Lagipula apa salahnya? Garpu yang sudah direbut dan dipegang Tequilla Sirius tak steril lagi; memangnya tak ada yang lihat garpunya diapakan tadi? Menuntut pertanggungjawaban itu sudah sepantasnya, dan bertanggungjawab secara penuh atas apa yang telah diperbuat itu ciri kejantanan seorang lelaki. Tidak seenaknya, dan itu hakikat.
“Nih.” Charlotte menggeram tanpa suara begitu garpu yang kebersihannyatak terjamin itu ditusukkan lagi ke
steaknya, nafsu makannya yang mulai menyusut mendadak menguap begitu saja. Ekor matanya mengerling tak percaya, beralih ke Sirius kemudian ke
steak lagi—yang langsung didorongnya jauh-jauh dari hadapan. Perutnya mendadak kenyang tanpa alasan, dan kalaupun nafsu mengiris
steaknya masih ada, potongan daging itu akan terlihat tak lebih dari wajah Sirius yang menyebalkan.

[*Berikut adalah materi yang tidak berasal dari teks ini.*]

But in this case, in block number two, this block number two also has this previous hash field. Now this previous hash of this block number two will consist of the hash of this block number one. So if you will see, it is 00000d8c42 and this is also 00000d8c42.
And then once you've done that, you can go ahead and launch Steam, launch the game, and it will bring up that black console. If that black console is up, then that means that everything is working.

Merlin, Charlotte dikutuk karena apa sih? Kenapa kesialan ini bertubi-tubi menimpanya?
Sementara Tequilla Sirius mengurusi pacarnya dan sekumpulan-orang yang entah mengapa mendadak harus diurusi, Charlotte kembali memutar tubuhnya ke depan—tak mau terlibat lebih jauh hingga dirinya kelepasan seperti di koridor tahun lalu.
Ini tempat umum, Charlotte. Tenang... tenang... Membuat diri sendiri tampak buruk di hadapan banyak orang hanya karena seorang laki-laki pirang bernama Tequilla Sirius bukanlah hal yang berharga untuk dilakukan, bahkan untuk dibayangkan sekalipun.

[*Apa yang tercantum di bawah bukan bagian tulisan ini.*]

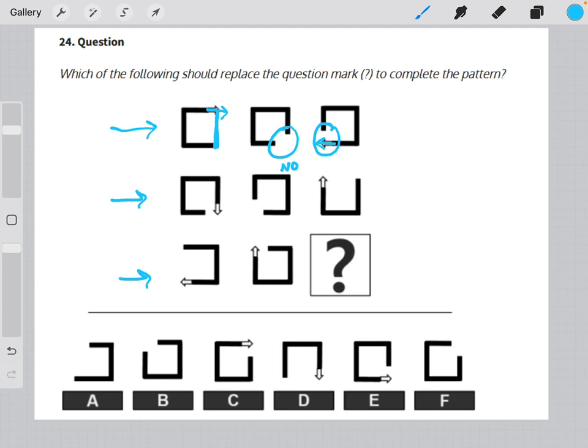So if we look at our final row, we see missing side with an arrow, missing corner with an arrow, so we are looking for the missing corner shape that does not have an arrow.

Priceless—sedangkan konsekuensinya seumur hidup.
Jadi Charlotte berusaha tak peduli. Kini menarik sepiring
cheese cake untuk meredakan emosi dan mengisi perut. Mengambil satu garpu baru yang sebelumnya ia pelototi lekat-lekat; berharap dengan melakukan itu akan membuatnya tak terjamah dari tangan Tequilla Sirius maupun orang lain yang sama tak tahu dirinya. Lalu sebuah celetukan sembarangan tentang monyet terdengar—
"Oh, that was precious..." —ditanggapi secara mengagumkan oleh Kristobal Morcerf yang termasyhur.
"Otak udang," desisnya diiringi satu suapan cheese cake. Tak habis pikir—mengatai manusia lain 'monyet'; dia kira dia tidak satu spesies dengan siapapun-yang-berulah-di-sebrang-sana? Dia manusia, orang itu manusia, Kristobal Morcerf juga manusia? Dan ketika satu manusia disebut 'monyet', tidakkah yang lainnya sama saja?
Apalagi yang menganggap mengatai manusia sebagai monyet adalah atraksi mengagumkan. Ck. (Menyuap cheese cake lagi)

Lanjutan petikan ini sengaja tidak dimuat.